Helgason: Yes. The stuff that’s built with Unity is taking leaps and bounds. You probably saw Dead Trigger. Have you seen Dead Trigger 2? It was shown at [the Consumer Electronics Show]. Madfinger is one of our bigger, more important customers. They’ve been partnering with Nvidia on that. It looks incredible.
We’ve been adding features to make that easier for everyone. We have a demo here called The Chase, a thing we’ve been building — it’s a work in progress — to show off mobile capabilities in Unity. It has skin shading. You can slow it down and see what’s going on. 250,000 polygons per frame. That’s around 6 million polygons per second, with great effects. That’s as much as you’d be doing on PC or console. This is just something we’ve cooked up in the lab, but our customers are doing work that’s equally impressive.

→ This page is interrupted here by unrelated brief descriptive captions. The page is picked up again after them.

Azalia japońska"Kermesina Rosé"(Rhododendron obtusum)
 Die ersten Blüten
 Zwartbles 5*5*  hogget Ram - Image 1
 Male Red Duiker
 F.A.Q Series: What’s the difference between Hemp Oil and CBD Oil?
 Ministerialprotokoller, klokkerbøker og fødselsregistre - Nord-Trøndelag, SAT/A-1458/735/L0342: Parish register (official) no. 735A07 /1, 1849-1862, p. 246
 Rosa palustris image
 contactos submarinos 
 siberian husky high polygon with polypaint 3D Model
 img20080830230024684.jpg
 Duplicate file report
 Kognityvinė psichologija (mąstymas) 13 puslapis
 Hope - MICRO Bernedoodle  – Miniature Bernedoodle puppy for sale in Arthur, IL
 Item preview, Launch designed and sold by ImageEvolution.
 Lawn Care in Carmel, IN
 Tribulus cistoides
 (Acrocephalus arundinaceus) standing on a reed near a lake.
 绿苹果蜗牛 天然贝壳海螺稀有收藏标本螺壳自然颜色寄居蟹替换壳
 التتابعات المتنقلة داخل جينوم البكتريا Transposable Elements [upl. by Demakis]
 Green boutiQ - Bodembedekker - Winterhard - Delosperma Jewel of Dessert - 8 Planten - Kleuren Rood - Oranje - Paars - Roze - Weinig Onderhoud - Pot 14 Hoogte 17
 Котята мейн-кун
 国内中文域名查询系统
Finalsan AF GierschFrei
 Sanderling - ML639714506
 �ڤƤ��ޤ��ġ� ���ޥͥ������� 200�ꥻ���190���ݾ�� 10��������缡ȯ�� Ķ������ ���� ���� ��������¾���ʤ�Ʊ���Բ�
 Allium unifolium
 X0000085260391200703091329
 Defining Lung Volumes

GamesBeat: How close do you think you are to console quality or PC quality there?
Helgason: It’s not so much Unity. It’s whether the devices are ready. The devices are getting there. This is an iPad 4, the newest one, about half a year old. We have no insight beyond the rumor mill, but there will obviously be a new device this year, and it’ll be ridiculously powerful. That’s the only thing holding us back. Of course, this year the consoles are taking another leap forward. They’ll have a few more years where they’re significantly ahead of mobile, but mobile is iterating so fast.